# Torque Modified - revisited



## TSM (Oct 8, 2013)

Back at the end of last year, I got myself a Torque from SimpleShot and modified it a little to more suit my shooting style (http://slingshotforum.com/topic/39751-torque-modified/). Well, I've gone and modified a bit more. This time I want to add some flipclips and round out the finger/thumb supports.















Since the frame is thinner than 3/4", I had to shorten the post on the clips and grind down the screw on the front side. And since the tube holes in the Torque are bigger than the flipclip posts, I added a few wraps of good 'ol duct tape to fill the space.















It's not gonna win any beauty contests, but I gotta say, It gets the job done. All work done with a Dremel tool using a cutoff wheel and 80 grit drum sander.


----------



## Byudzai (Aug 31, 2013)

I wonder if you could mod that bad boy into a top slot design and be done with all moving parts


----------



## TSM (Oct 8, 2013)

That's a task for a steadier hand than mine. Care to give it a try?


----------



## Lee Silva (Feb 9, 2013)

Byudzai said:


> I wonder if you could mod that bad boy into a top slot design and be done with all moving parts


I say hellz yes, big B! With minor modification to the target side of the fork, and the flipclip (also modified, or custom built) making up the other side of the slot! Do it right and you should be able to wrap and tuck if need be (w/o the clip), Use as a top slot, and use as flip clipped fork!

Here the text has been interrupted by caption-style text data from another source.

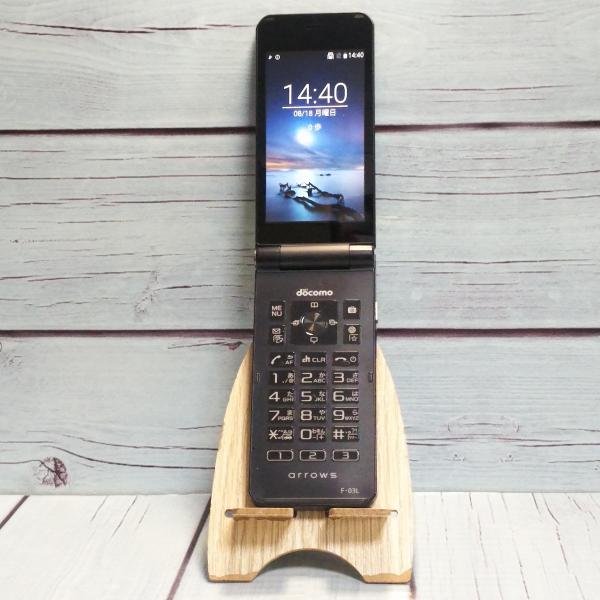 商品は本体（バッテリー内蔵）のみです。その他の付属品はありませんのでご注意ください。【特記事項】SIMトレーに割れがみられますが、SIMの読込に影響はありません。【バッテリー性能】著しい性能低下がないことを確認しています（OSからの性能確認...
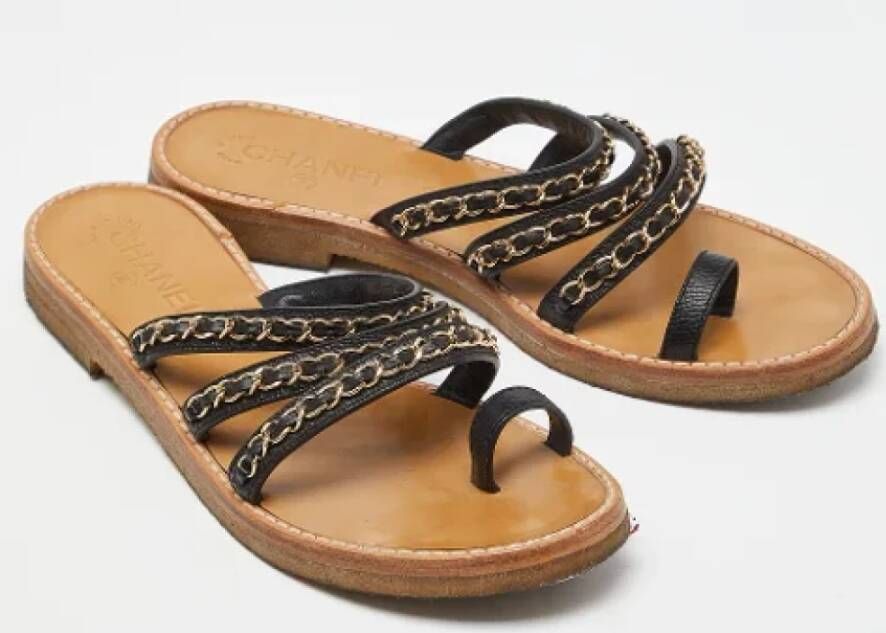 Chanel Vintage Pre-owned Leather sandals Black Dames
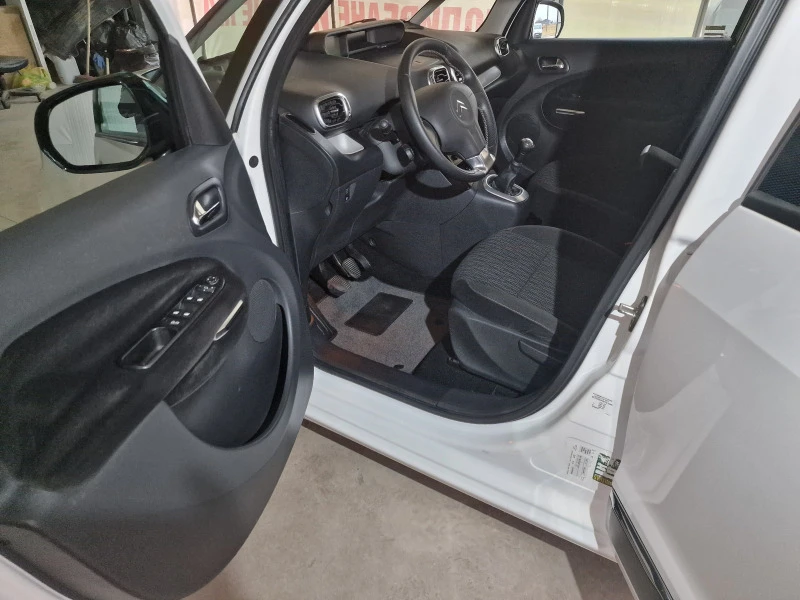 Citroen C3 Picasso 1.6 HDI, снимка 6 - Автомобили и джипове - 43394994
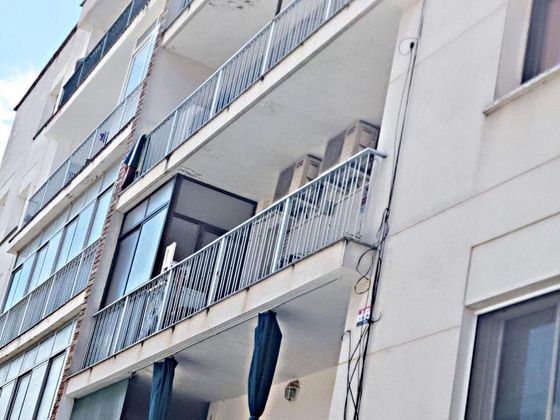 Foto 2 de Pis en venda a Esparreguera de 3 habitacions amb balcó i calefacció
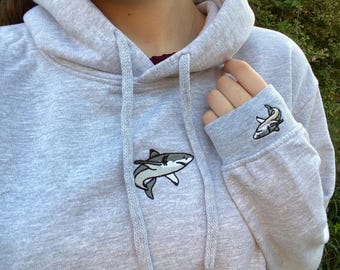 Bestickter Hai Hoodie | Unisex Grauer Kapuzenpullover | Minimalistisches Hai Design | Ozean inspiriert Hoodie | Geschenk für Hai Liebhaber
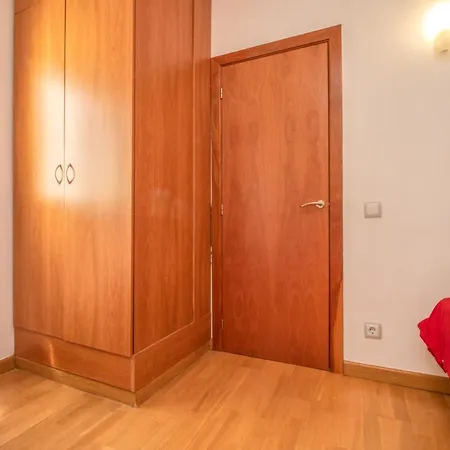 5 Habitaciones, 3 Banos, Piscina Privada, Amarre 15m *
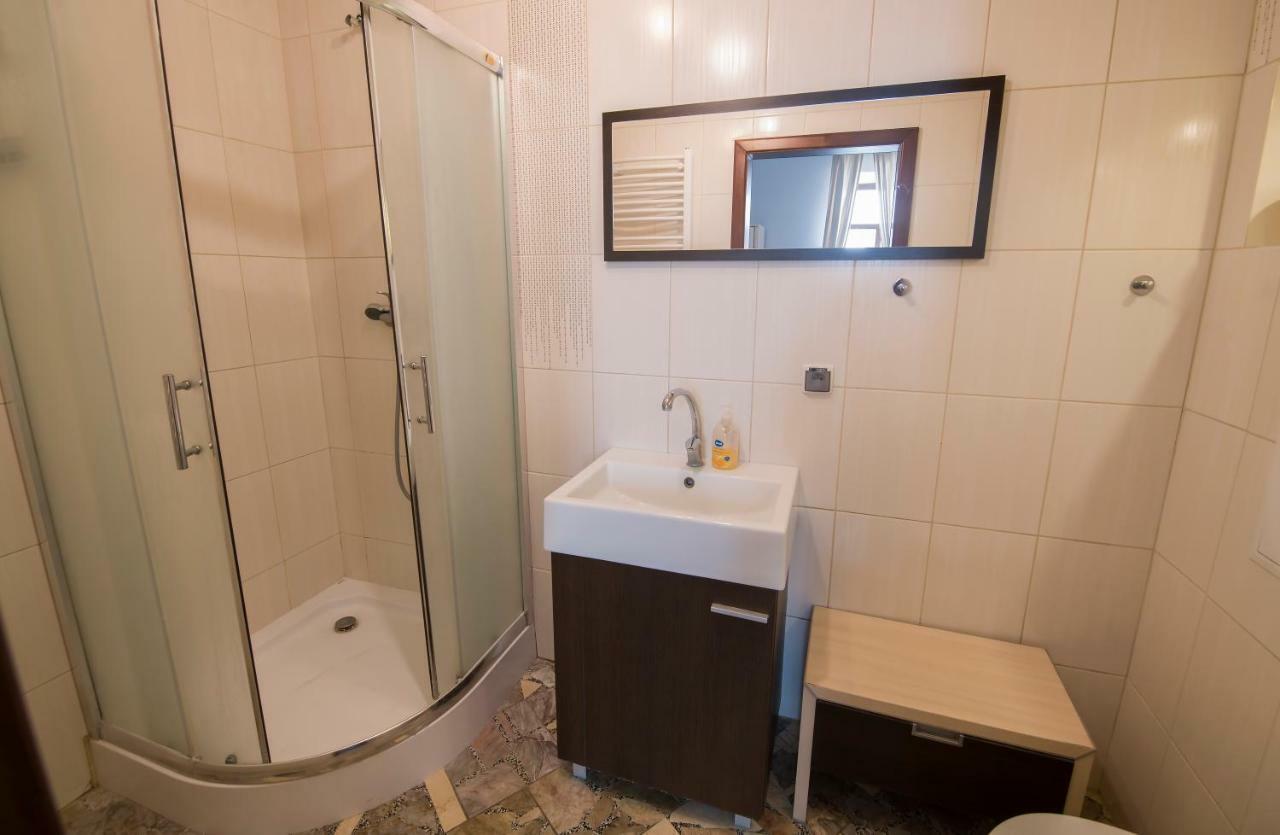 Apartamenty Na Warszawskiej Шерадз Екстериор снимка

Dooo it brother!!! If you need a torque, I'll send you mine!


----------



## carboncopy (Jan 14, 2014)

Very nice!


----------



## SimpleShot (Aug 30, 2012)

Great mod! Yet again


----------



## Imperial (Feb 9, 2011)

someone should try building up the girth of the handle by dipping it in some plasti dip.


----------



## Wingshooter (Dec 24, 2009)

Piece of cake. It does stop that occasional hand slap that you get with OTT.


----------



## Rok Makovec (Oct 22, 2018)

O wish i'd had a Torque but SimpleShot charges to mutch for shiping to Europe.


----------